_PROMPT:_ Please reproduce the lines from the one containing "A.Morgan // Nothing Is Lost 12inch" through the end of the data below exactly as they stand, and omit all pictures.

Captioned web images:
● ● ●

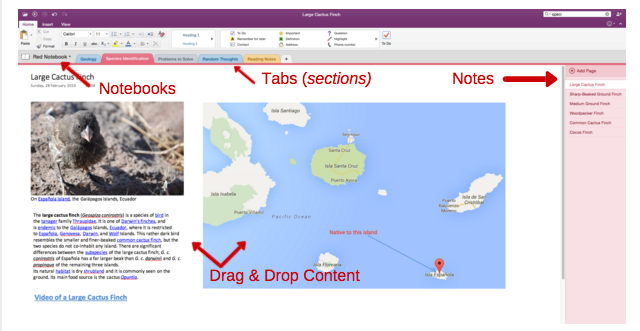 OneNote-organisasjon-640x331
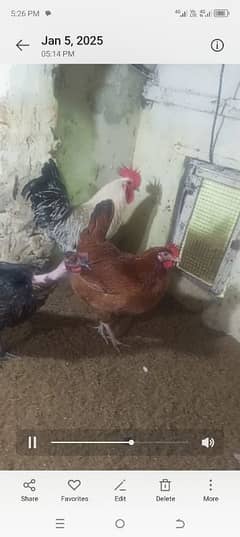 1 murgha 3 hens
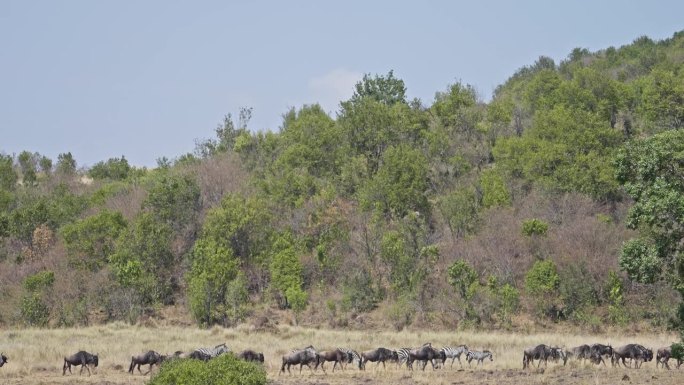 斑马和角马正聚集在一起渡过马拉河进行大迁徙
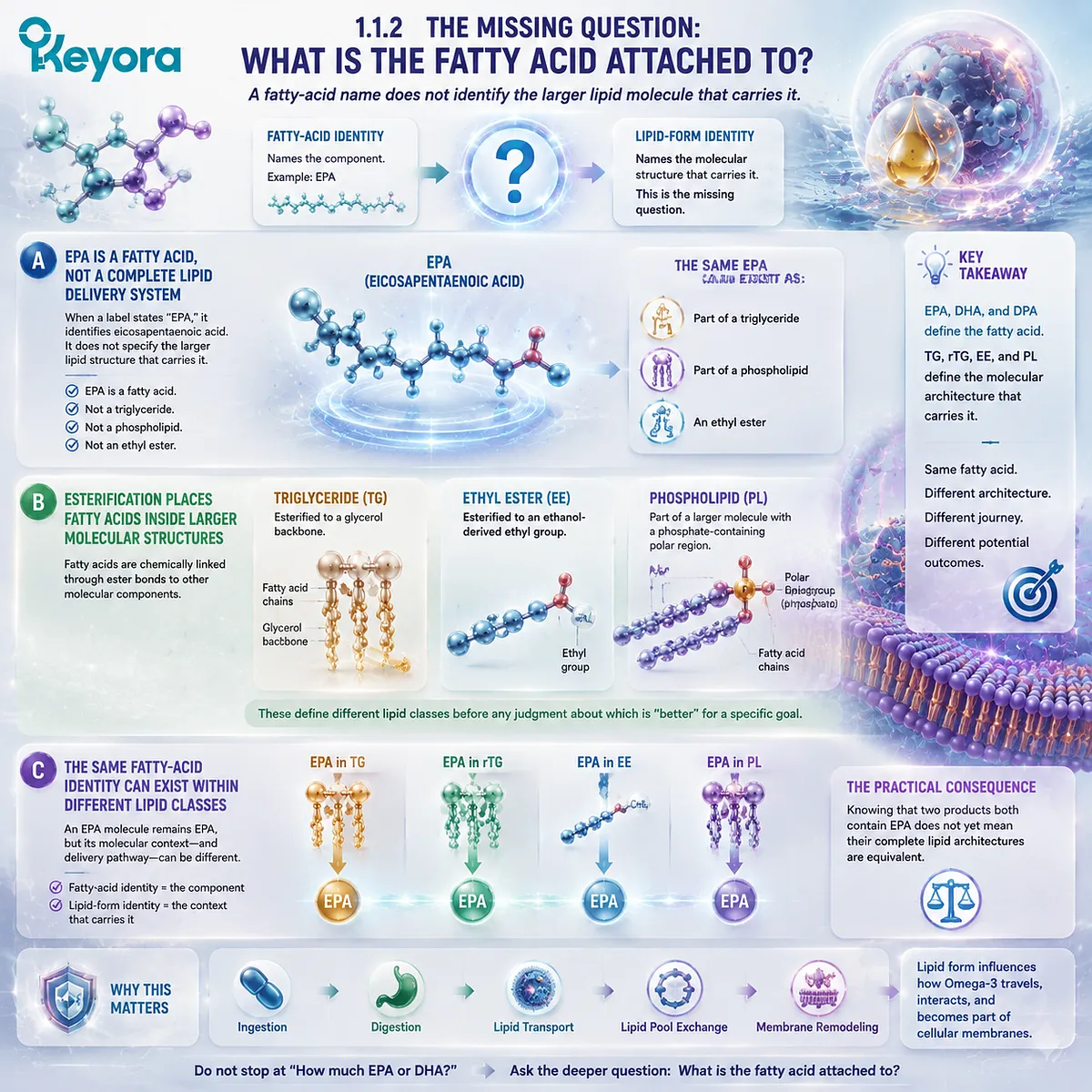 EPA DHA molecular form depends on what fatty acids attach to, linking esterification, triglyceride phospholipid architecture, and Omega-3 delivery through Keyora Omega-3 Form Identity Gate. EPA DHA molecular form depends on what fatty acids attach to, linking esterification, triglyceride phospholipid architecture, and Omega-3 delivery through Keyora Omega-3 Form Identity Gate.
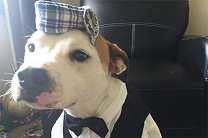 В Шотландии приглашенного на свадьбу пса нарядили в килт и галстук-бабочку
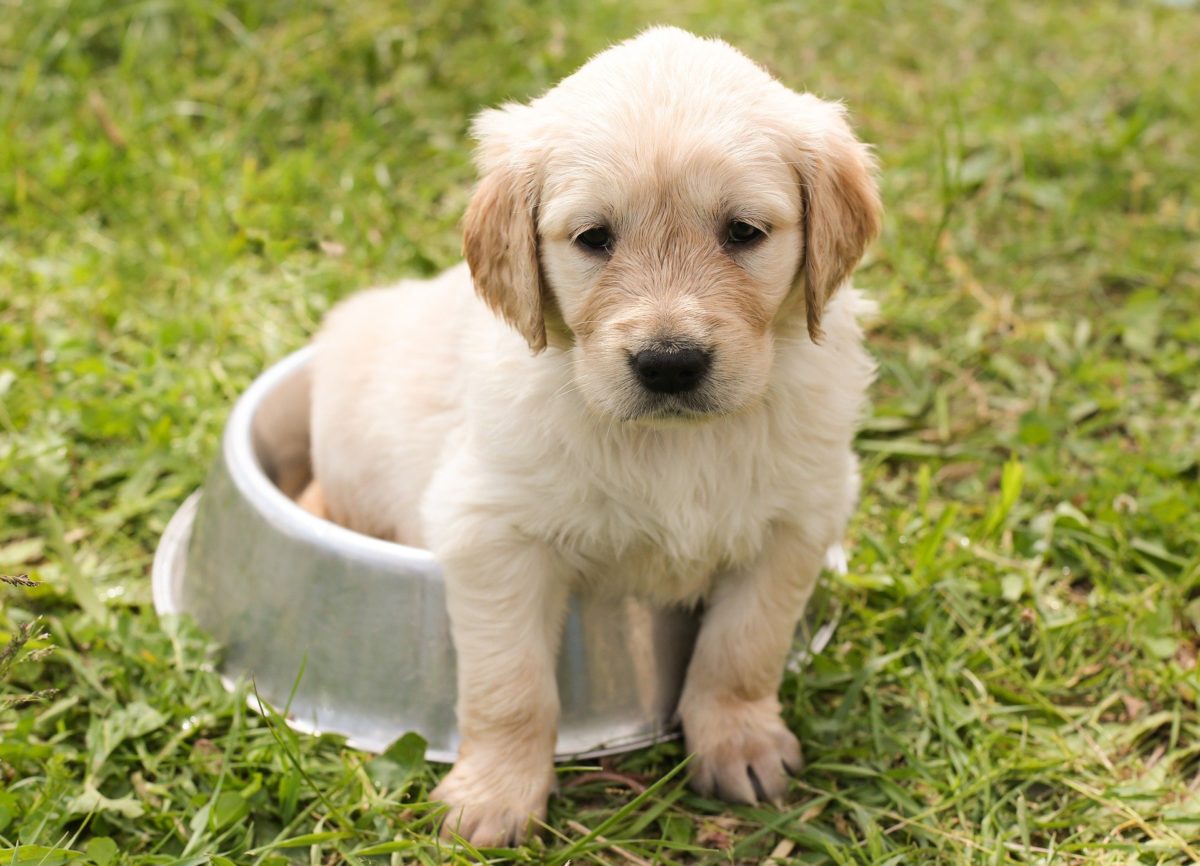 Is Authority Dog Food Grain-Free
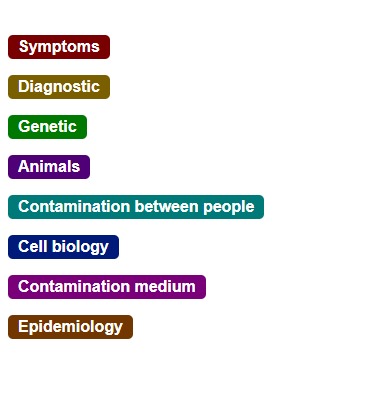 Browser-19 – screenshot 2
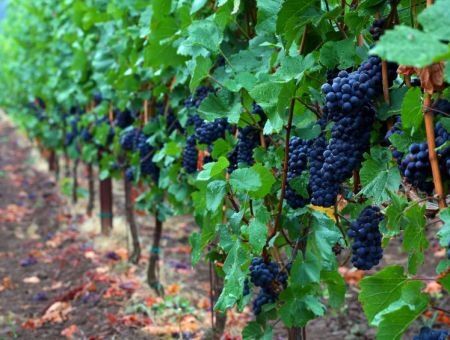 Виноградники находятся в стрессе Виноградники находятся в стрессе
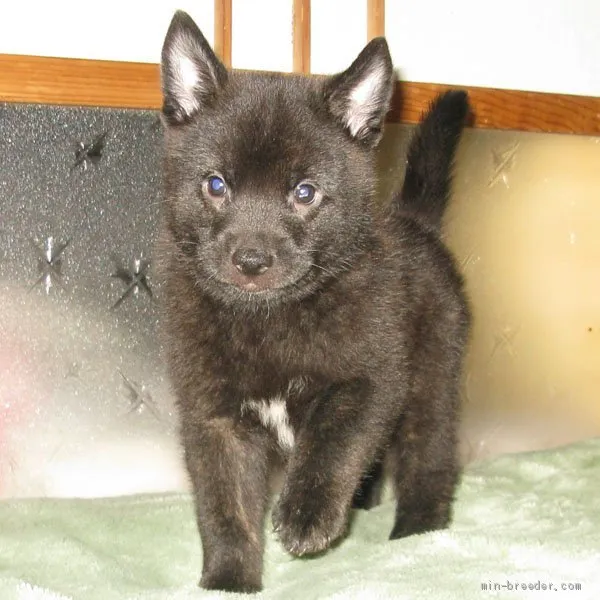 ダンク 様のお迎えした子犬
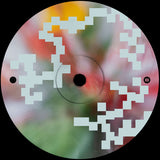 A.Morgan // Nothing Is Lost 12inch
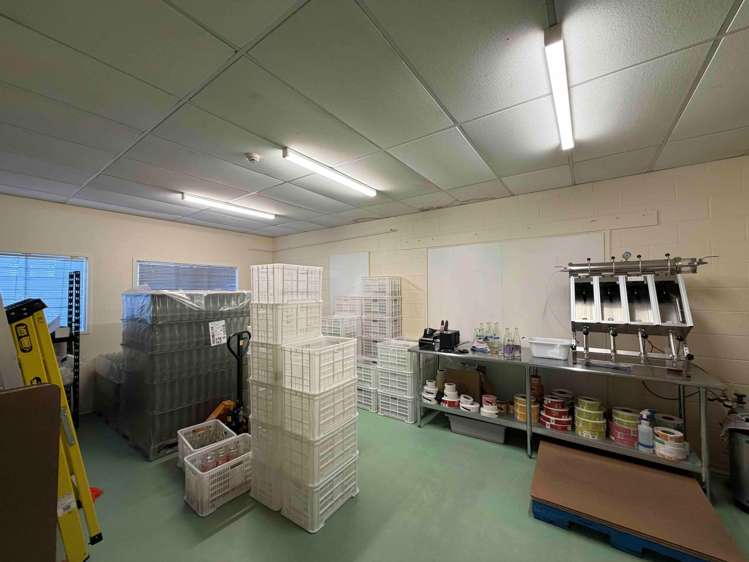 Suite A/37 Crummer Road Grey Lynn_6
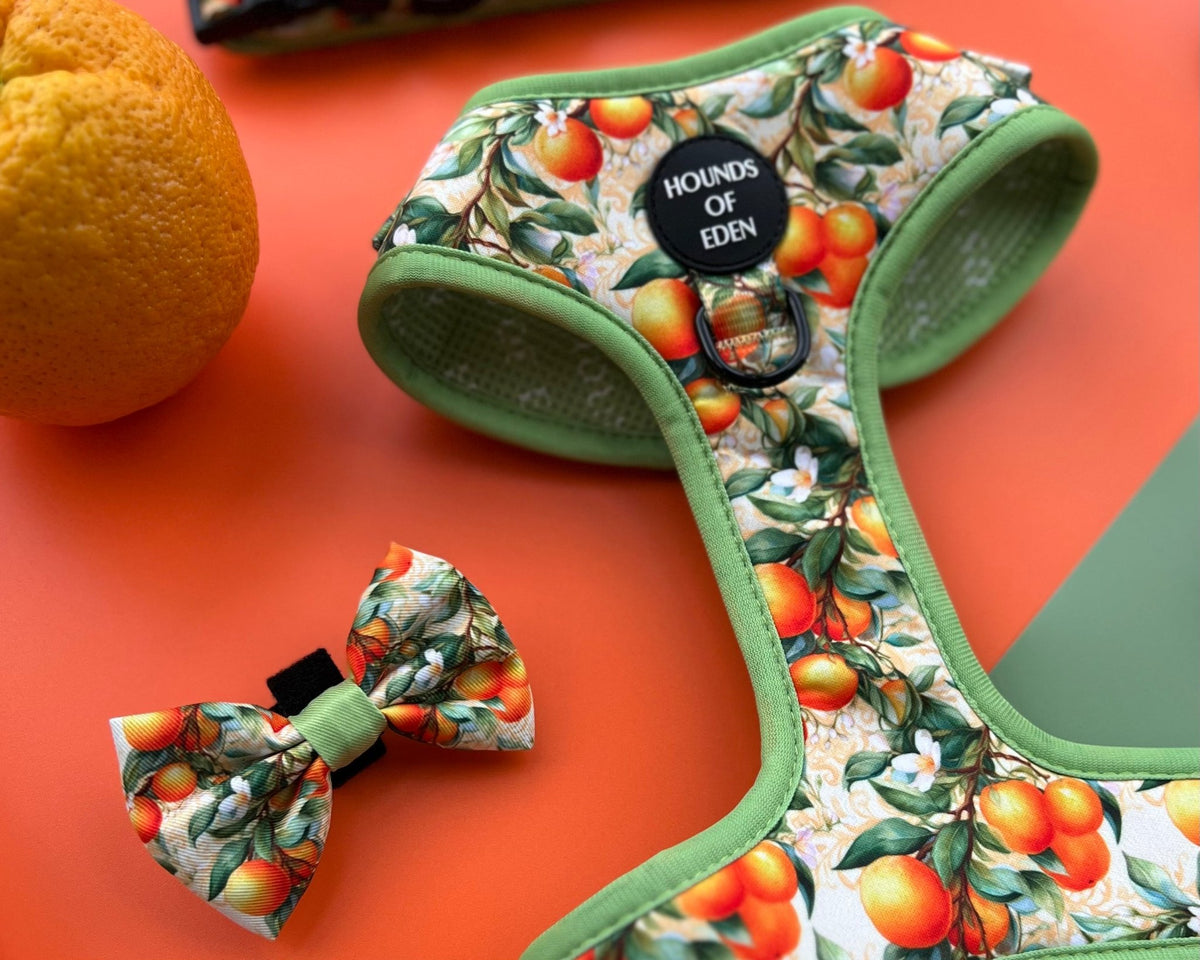 Simply the Zest - Oranges Dog Bow Tie - Pet Supplier Store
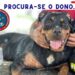 Rottweiler é resgatado por bombeiros em escola em Manaus e aguarda dono em quartel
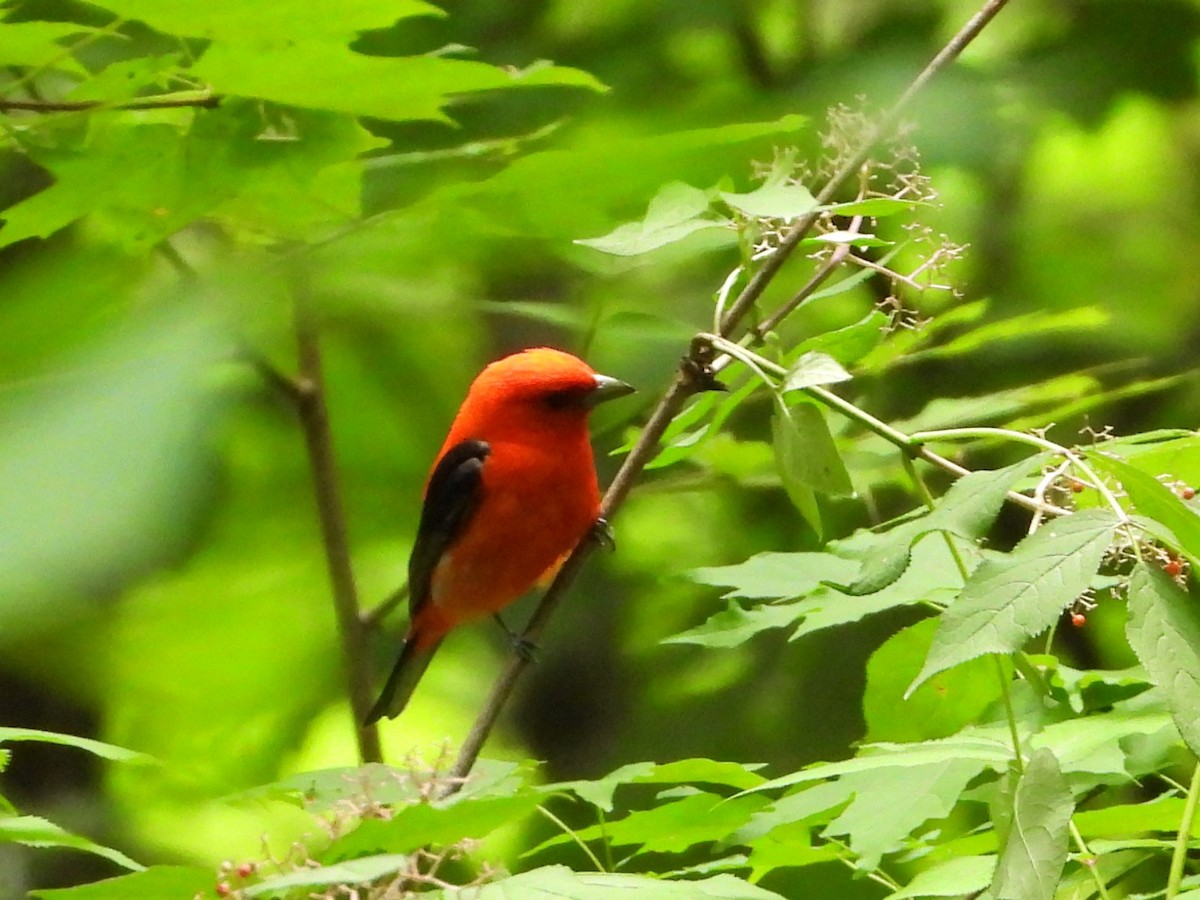 Scarlet Tanager - ML620152290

● ● ●

_RESPONSE TO THIS TASK:_
 A.Morgan // Nothing Is Lost 12inch
 Suite A/37 Crummer Road Grey Lynn_6
 Simply the Zest - Oranges Dog Bow Tie - Pet Supplier Store
 Rottweiler é resgatado por bombeiros em escola em Manaus e aguarda dono em quartel
 Scarlet Tanager - ML620152290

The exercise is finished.